Actually this model was a bit of a problem child. The 170 and the 185 are a much better bet.


----------



## sewtlm (Mar 22, 2006)

I liked mine but traded up to a 200E. The 185 is the same machine with a software and embroidery module upgrade.

I never had problems with the 180 machines but some of the quilting police/snobs did.

It all depends on what type of sewing you do and if you follow directions well.

Correct needles- thread- stabilizers are very important to correct decorative stitch formation and it really doesn't matter what brand of machine this holds true for all.


----------



## CJ (May 10, 2002)

The problems I was referring to were faulty boards. The 180 has a reputation for issues with the boards needing to be replaced. The 185 utilized different boards after all the problems.


----------



## JediMom (Jul 3, 2007)

I am expecting mine to be delivered next week (from Ebay), so I hope I don't have any trouble with it.


----------



## sewtlm (Mar 22, 2006)

My records show a company replacement of the boards on only the very first machines.

You shouldn't have any problems they are a great machine and they can be upgraded to a point.


----------



## JediMom (Jul 3, 2007)

Thanks! I think it will be a good beginners machine. I may want to upgrade in a few years, OR it may just do my job.


----------



## sewtlm (Mar 22, 2006)

If you need help let me know. 
Some where on a backup disc I have the new owners guide book if you're interested.


----------



## JediMom (Jul 3, 2007)

sewtlm said:


> If you need help let me know.
> Some where on a backup disc I have the new owners guide book if you're interested.

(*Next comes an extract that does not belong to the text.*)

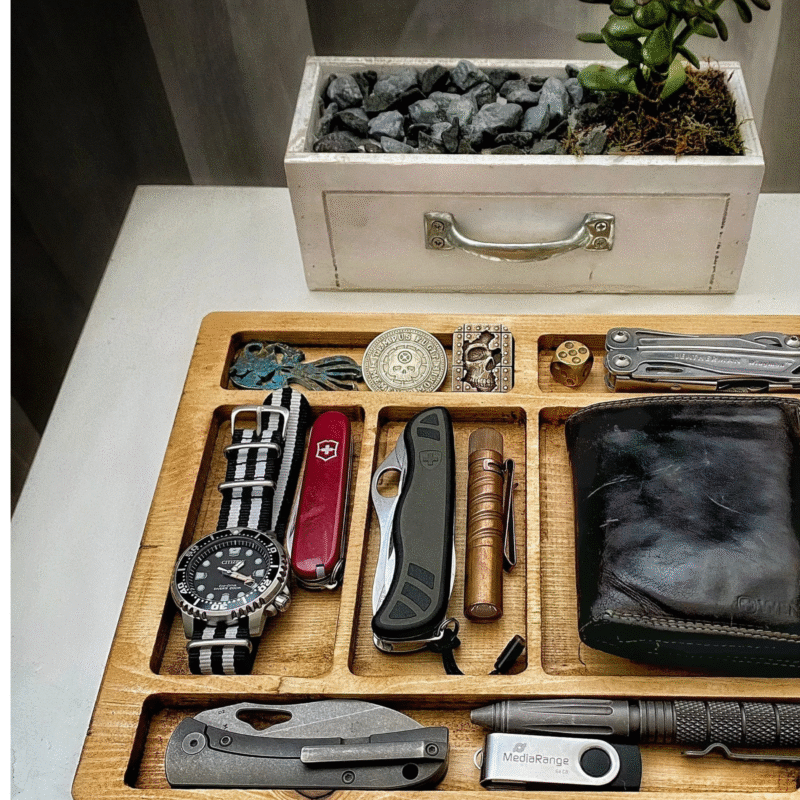 edc valet tray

That would be great! Thank you!!


----------



## CJ (May 10, 2002)

JediMom, congratulations on the new machine. I hope you have many happy hours of sewing on it! Did you get the embroidery module with it as well?


----------



## JediMom (Jul 3, 2007)

IT'S HERE, IT'S HERE!!! WOO HOO!!!!!!!!! :banana02::banana02::banana02:

Holy moly...I'll NEVER figure it out...:shrug:


----------



## CJ (May 10, 2002)

Well holler if we can help, and have fun!


----------



## scooter (Mar 31, 2008)

I have the Artista 170, I've had it for about 7 or 8 years, I can't remember when it first came out.

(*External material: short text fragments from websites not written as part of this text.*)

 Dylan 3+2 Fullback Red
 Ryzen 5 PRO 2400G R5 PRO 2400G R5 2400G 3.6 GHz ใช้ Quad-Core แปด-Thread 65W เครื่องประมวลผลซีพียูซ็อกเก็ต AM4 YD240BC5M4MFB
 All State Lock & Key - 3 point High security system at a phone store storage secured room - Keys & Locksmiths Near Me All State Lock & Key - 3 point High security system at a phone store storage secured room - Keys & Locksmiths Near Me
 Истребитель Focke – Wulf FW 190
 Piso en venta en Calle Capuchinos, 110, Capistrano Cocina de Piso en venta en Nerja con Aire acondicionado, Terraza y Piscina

I love that machine, I've sewn a mountain of thing's with it and embroidered a lot of presents with it.

You'll love your machine, if I can be of any help, just let me know. You'll find it very user friendly after you get used to it.

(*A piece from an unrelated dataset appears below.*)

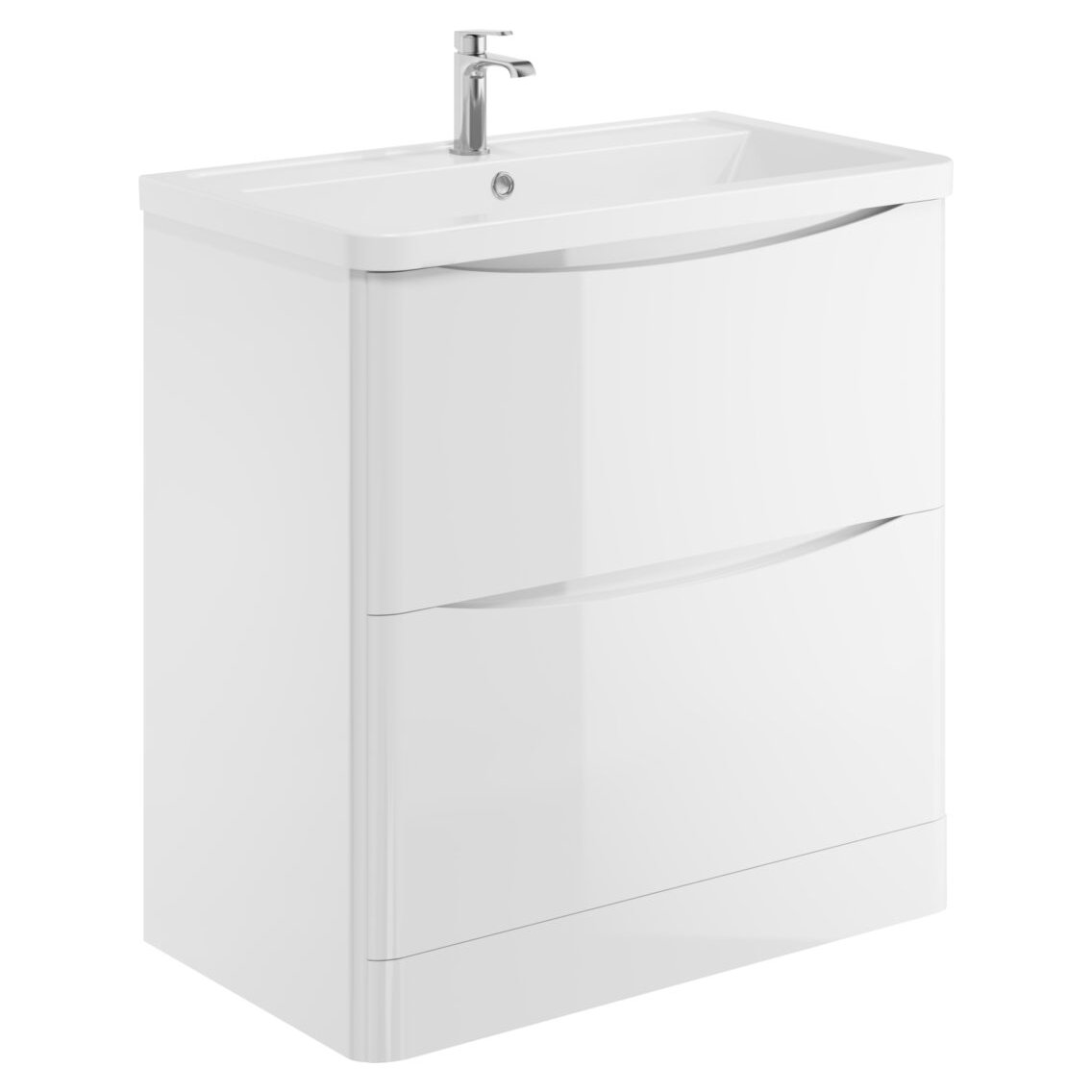 Bella 800 Floor Standing Vanity Unit & Basin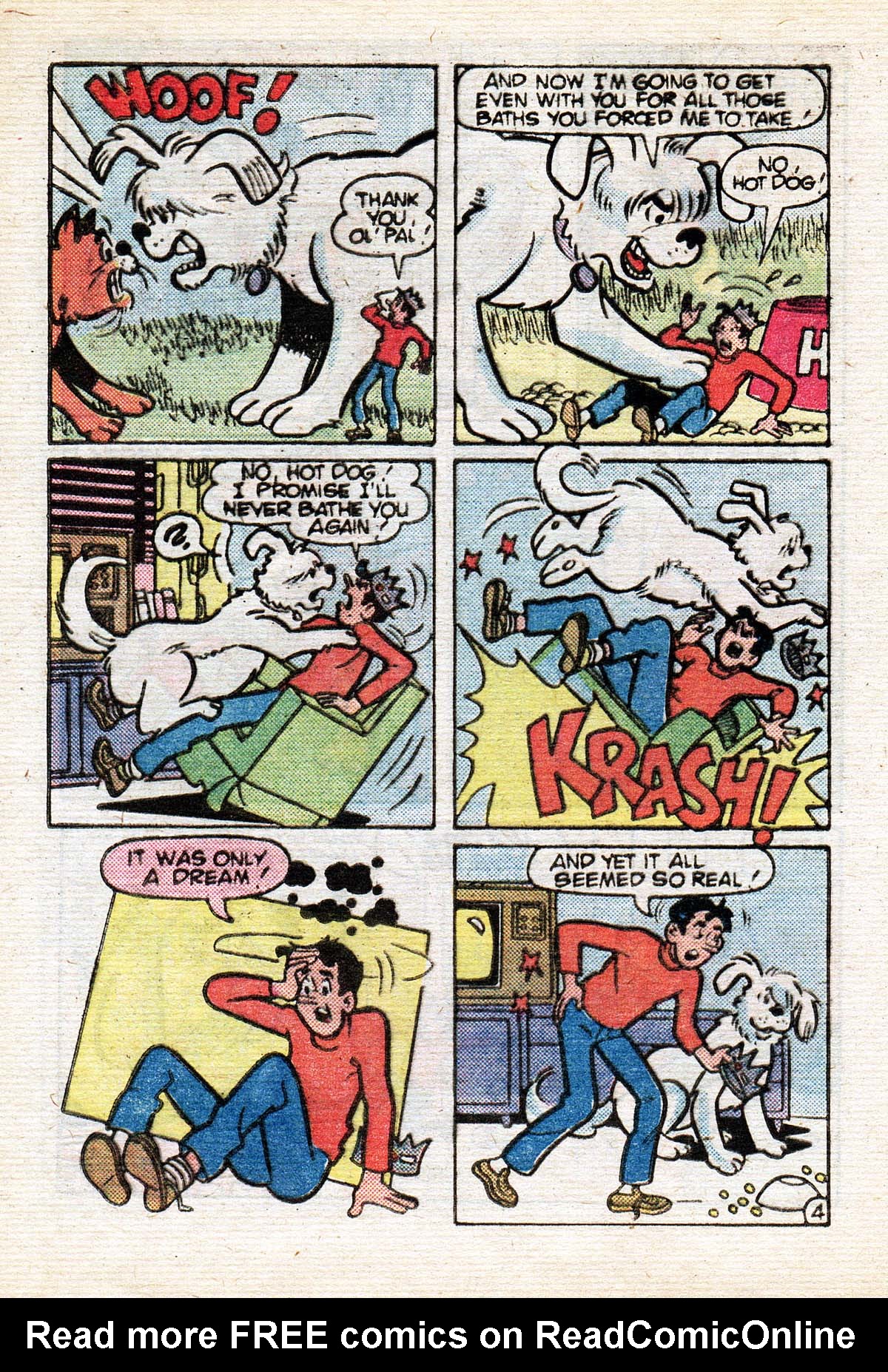 Read online Jughead Jones Comics Digest comic -  Issue #40 - 115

Happy sewing and embroidering.:banana02::banana02::banana02:


----------



## JediMom (Jul 3, 2007)

So far, so good. I read the basics through the manual last night and had her up and sewing for me. I am very impressed with the quality of this machine. It's very well-made. 

Thanks so much for the encouragement. I am sure I will have many ???? :benice:


----------



## AngieM2 (May 10, 2002)

Have great fun with your new machine.

And like always - I love seeing photos of new projects. 

Angie


----------